ヤミマキはCakewalkを使ってるので、以下ではCakewalkを前提に話をするよ。
Cubase AIも持ってるけど、Cubaseはプラグイン遅延補正を切ると勝手にプラグインを無効化したりしなかったりするのでカラオケ配信には使えなかった。t

概要図 再掲
  1. オーディオデバイスとしてドライバモード「ASIO」で「Voicemeeter Insert Virtual ASIO IN~」を選択する。
    他に「Voicemeeter (AUX) Virtual ASIO」もあるけど、DAWは「Insert」の付いたものでないとダメ。

  2. Masterバスの出力先を「IN#5 Left+IN#5 Right」、Previewバスの出力先を「IN#3 Left+IN#3 Right」にする。

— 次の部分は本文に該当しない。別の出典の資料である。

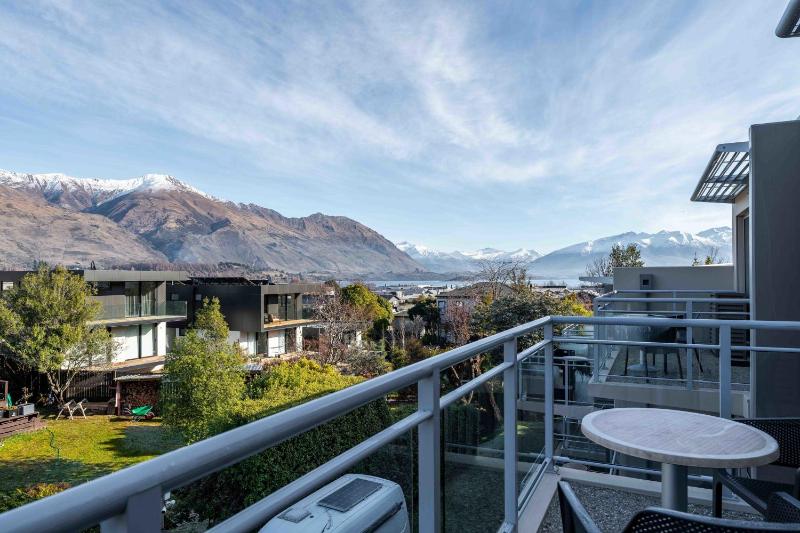 Central Luxury Apartment 205 - image 36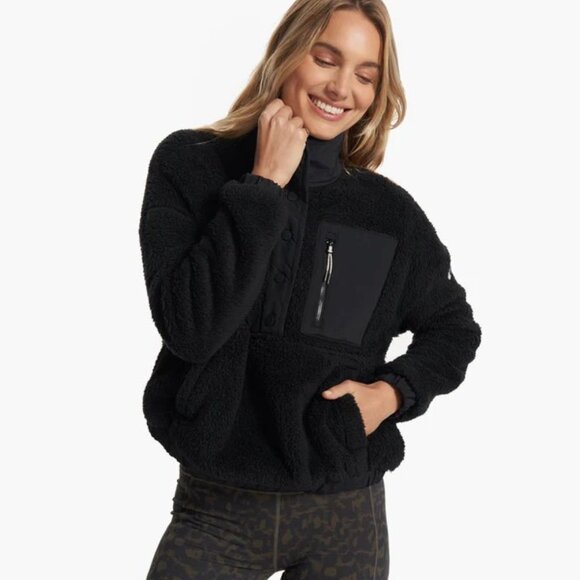 Vuori Cozy Sherpa Popover in Black Size Large - Picture 14 of 16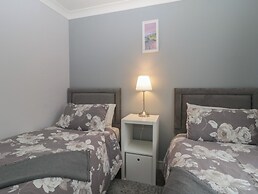 Flat 4, Big Tree Holiday Flats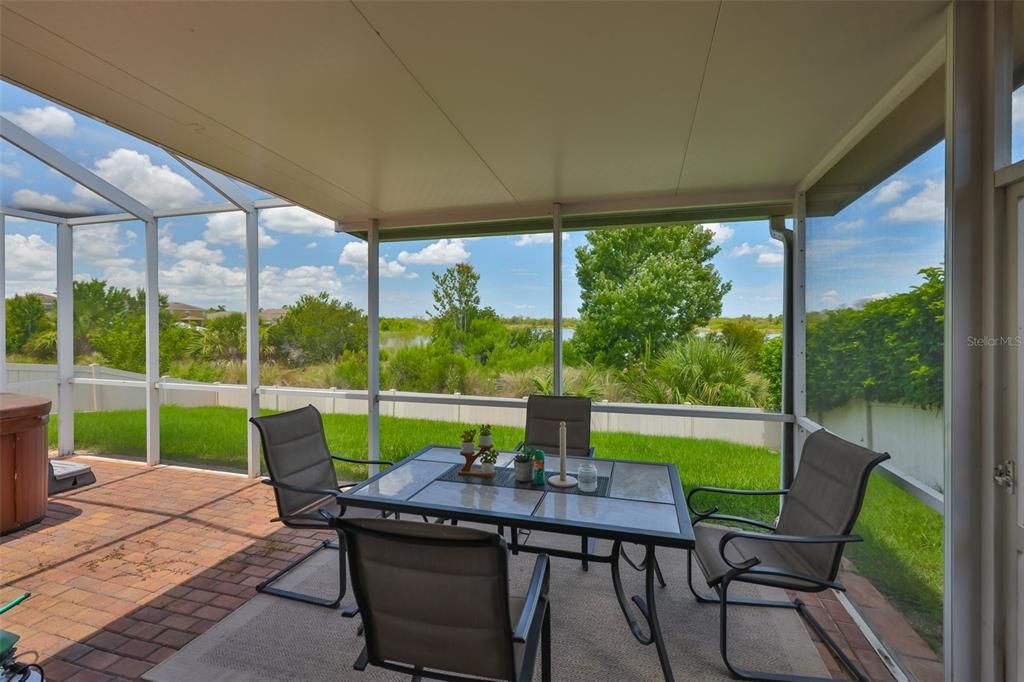 В аренду: $2,500 (4 спален, 2 ванн, 1887 Квадратных фут)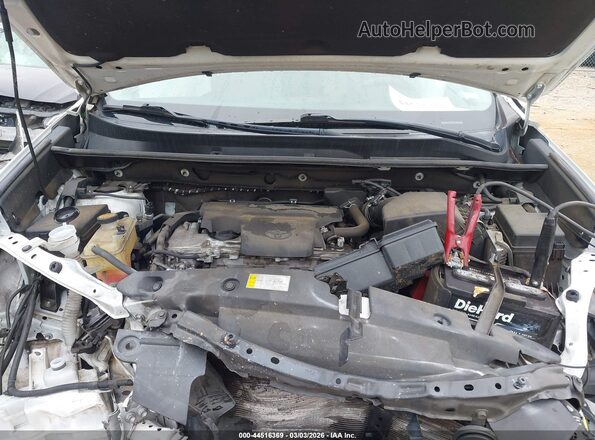 2T3RFREV9JW771648 2018 TOYOTA LE White Widok z tyłu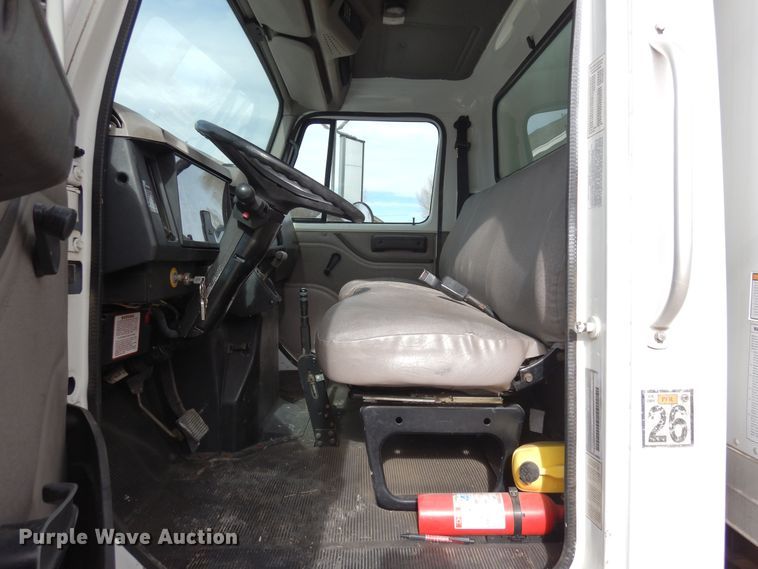 image for item DF8312 2000 International 4700  refrigerated truck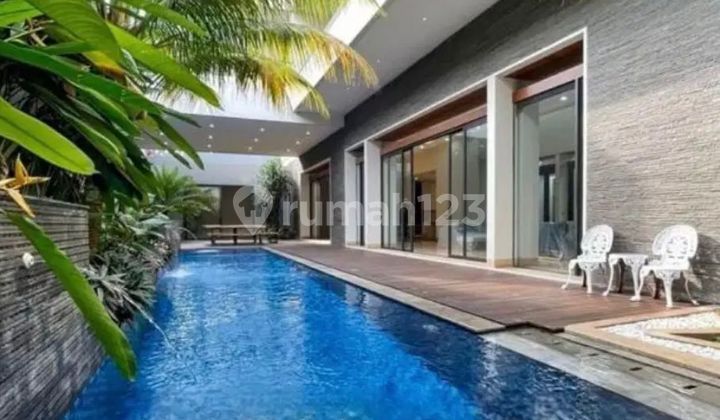 For Sale Luxury 3-Story House in Bukit Golf Terrace I8 BSD City Tangerang For Sale Luxury 3-Story House in Bukit Golf Terrace I8 BSD City Tangerang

  3. トラックを4つ作る。以下、それぞれ「マイク配信」「マイクモニタ」「伴奏配信」「伴奏モニタ」とする。

  4. 「マイク配信」は入力を「IN#1 Left」(ステレオマイクなら「IN#1 Left+IN#1 Right」かな)、出力を「Master」バスにする。

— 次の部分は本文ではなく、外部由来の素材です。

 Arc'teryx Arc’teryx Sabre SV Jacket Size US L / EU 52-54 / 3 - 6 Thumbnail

  5. 「マイクモニタ」は入力を「IN#1 Left」、出力を「Preview」バスにする。

  6. 「伴奏配信」は入力を「IN#4 Left+IN#4 Right」、出力を「Master」バスにする。

  7. 「伴奏モニタ」は入力を「IN#4 Left+IN#4 Right」、出力を「Preview」バスにする。

ここまでの設定ができていて各トラックのインプットモニターが有効なら、ヘッドフォンに「マイクモニタ」「伴奏モニタ」、「Voicemeeter AUX Output」に「マイク配信」「伴奏配信」の音が流れるようになる。

Cakewalkのみプラグイン遅延補正を無効化する必要がある。CubaseやStudio Oneなら、モニタリング機能には最初からプラグイン遅延補正が効いてないのでこの手順は必要ない。

遅延補正は遅延のせいでトラック間で音ズレが起きるのを防ぐ機能だけど、これが有効だとモニタリング用に遅延の小さいボイチェンを使っても、一番重いトラックに引きずられて遅延するので要無効化。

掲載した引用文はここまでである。